– А где вы ночевали? – спросила Розетта.
– По дороге в Сантьяго-де-Компостела много постоялых дворов, где обычно останавливаются на ночлег пилигримы. И не только мы одни шли по этой дороге день за днем. Часто вечером, за ужином, мы знакомились с другими пилигримами. Луиджи, помнишь того почтенного старца, который пришел из Эльзаса? Он одолжил тебе свою губную гармонику, и ты нам играл весь вечер!
– А ты, дорогая, прекрасно пела.
– Да, я пела, но, честно сказать, очень стеснялась.
– А красивые в Испании поселения? – спросила Октавия.
– Да, очень красивые и в большинстве своем многолюдные, шумные, пестрые. Но самое сильное впечатление на меня произвел момент, когда мы вошли наконец в базилику, где похоронен апостол Иаков. Сколько там было людей! Я молилась от всего сердца. Это было невыразимое счастье. Я еще острее ощутила, как я люблю всех вас и дитя в моем лоне!
Она умолкла с мечтательным видом. От ее лица в обрамлении темно-рыжих волос исходило поистине божественное сияние, а взгляд удивительных фиалковых глаз был устремлен на огонь в очаге.
– Но мне очень хотелось поскорее вернуться, – продолжала она. – Хотелось снова оказаться здесь, в моем родном городке, рядом с теми, кого люблю.
– И что же, мадемуазель, за эти месяцы вам не выпало случая поработать? – лукаво поинтересовалась Розетта.
Луиджи засмеялся. Ему тоже было что рассказать. И первой в череде историй, конечно, была та, о которой ему напомнил вопрос девушки.
– А ты как думаешь, Розетта? Повитуха и в странствии остается повитухой. Вот что случилось с нами вечером в одной таверне в Галиции…

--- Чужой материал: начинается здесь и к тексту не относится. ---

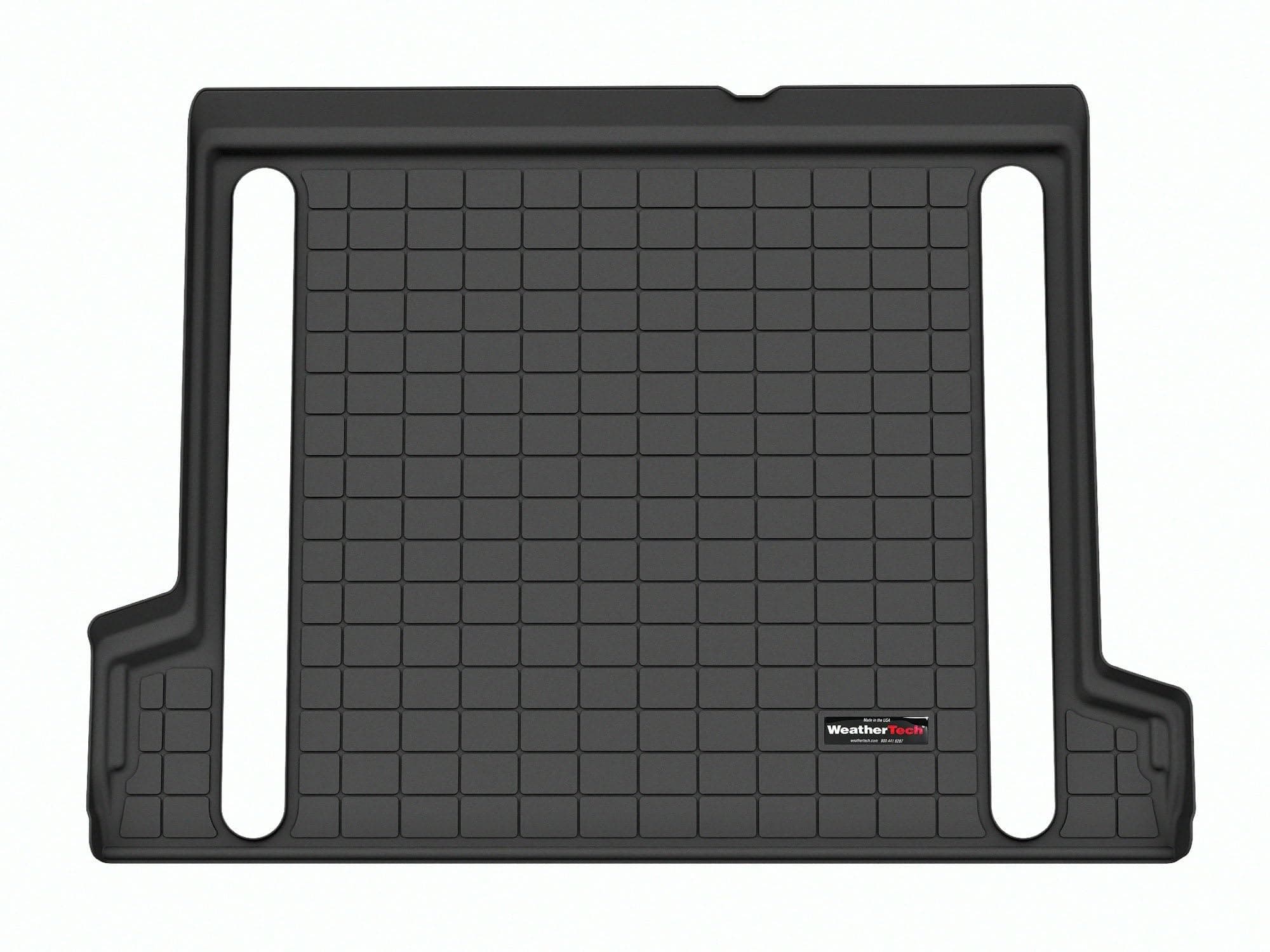 Cargo Trunk Liner for Ineos Grenadier, Behind 2nd Row (401757V), Black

Глава 2 С мыслями о ребенке
В доме Жерсанды де Беснак, в тот же вечер
Луиджи был хорошим рассказчиком. Все в гостиной, залитой розоватым вечерним светом, слушали его, затаив дыхание. Октавия и Розетта вздыхали, улыбались и охали, Жерсанда то и дело кивала. Рассказ сына словно бы перенес ее в тот мартовский вечер, проведенный в далекой таверне в Галиции. Анжелина, которой в повествовании, конечно же, отводилась главная роль, очень смущалась и не сводила глаз с Анри. Мальчик спокойно играл на полу. Он казался ей удивительно красивым. Каждый жест, каждая гримаска вызывали у Анжелины восхищение.

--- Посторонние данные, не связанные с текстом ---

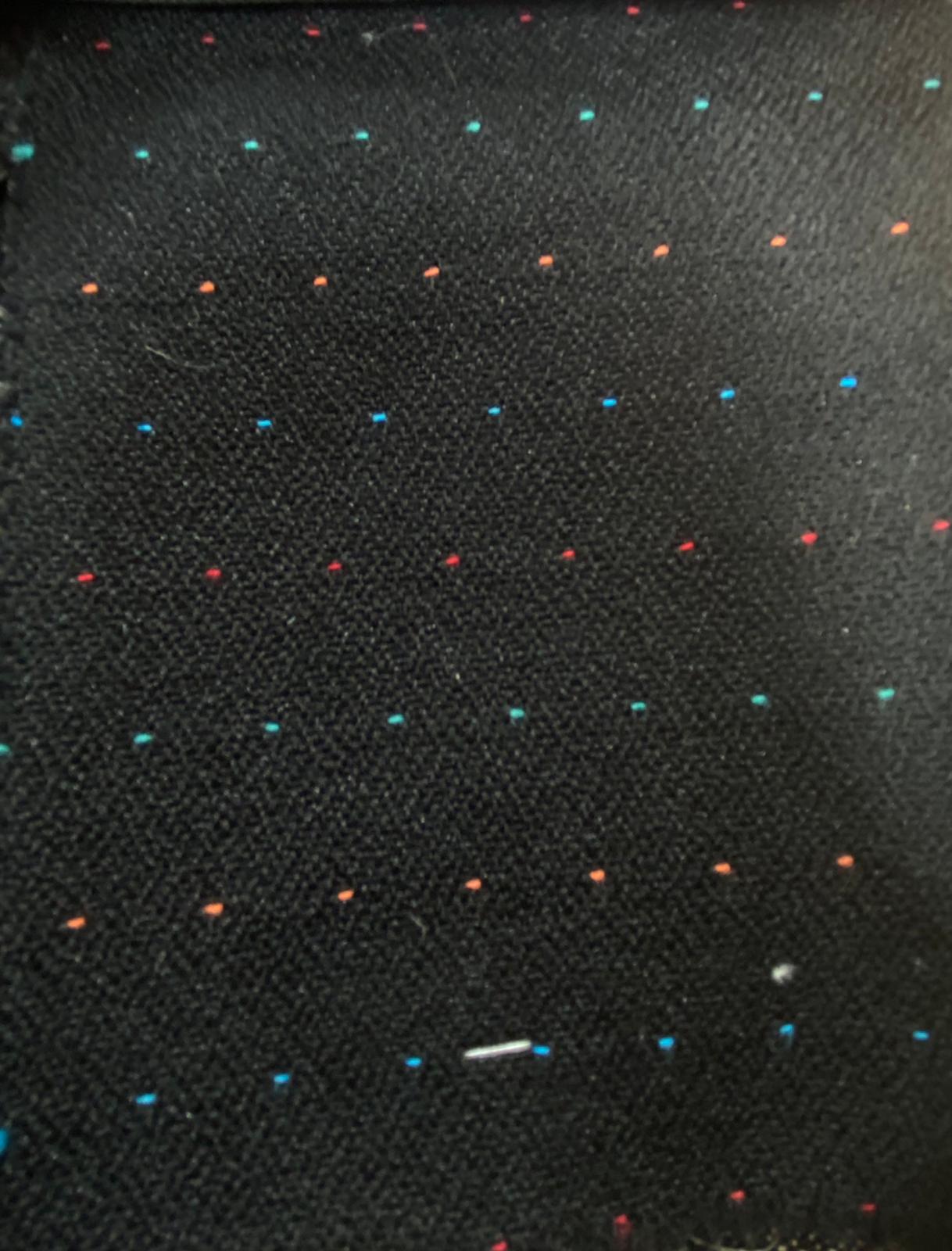 SUPERCAR CAR FABRIC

– Мы уже покончили с нашим скромным ужином, когда эта супружеская пара вошла в общую комнату, – вел свой рассказ Луиджи. – Энджи устала и мечтала только о том, чтобы лечь и сразу уснуть. Но вошедшая женщина была беременна, это было видно с первого взгляда – так сильно ее шерстяное платье обтягивало живот. Не знаю почему, но у меня сразу появилось странное предчувствие, хоть я и не обладаю тончайшей интуицией повитухи. Подавальщица указала приезжим стол, принесла воды и хлеба. Анжелина, которая еще минуту назад так хотела спать, попросила меня подождать немного, когда я предложил проводить ее в отведенную для ночевки паломников комнату. Я уже знал, в чем дело, и спросил у нее напрямик. И что ты ответила, дорогая?

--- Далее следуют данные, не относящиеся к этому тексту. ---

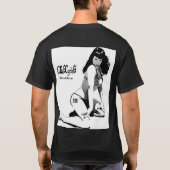 C&S周期 Tシャツ (裏面)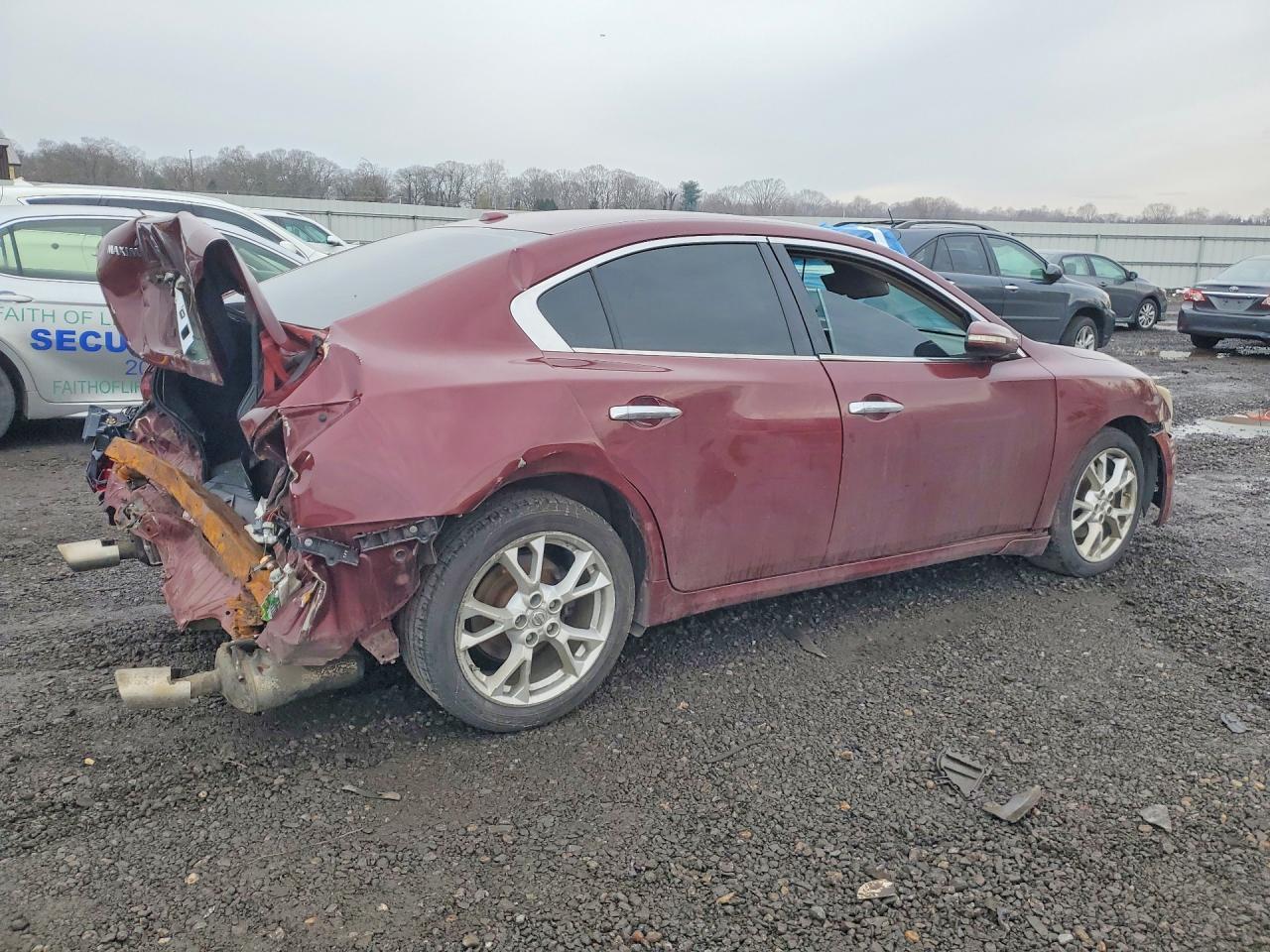 2013 Nissan Maxima 3.5 S - Image 3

– Что эта дама родит до наступления утра.
– Надо ли удивляться, что минут через пятнадцать эта дама, кстати, молодая и очень симпатичная, вскакивает из-за стола и кричит по-испански, что у нее отошли воды! Ты прекрасно можешь себе представить, матушка, как переполошилась наша Энджи. Она вскакивает тоже и бросается к даме, но без переводчика им друг с другом не объясниться… И вот мне приходится переводить, пока в комнате верхнего этажа на свет не появляются двое малышей. Да-да, их было двое – мальчик и девочка!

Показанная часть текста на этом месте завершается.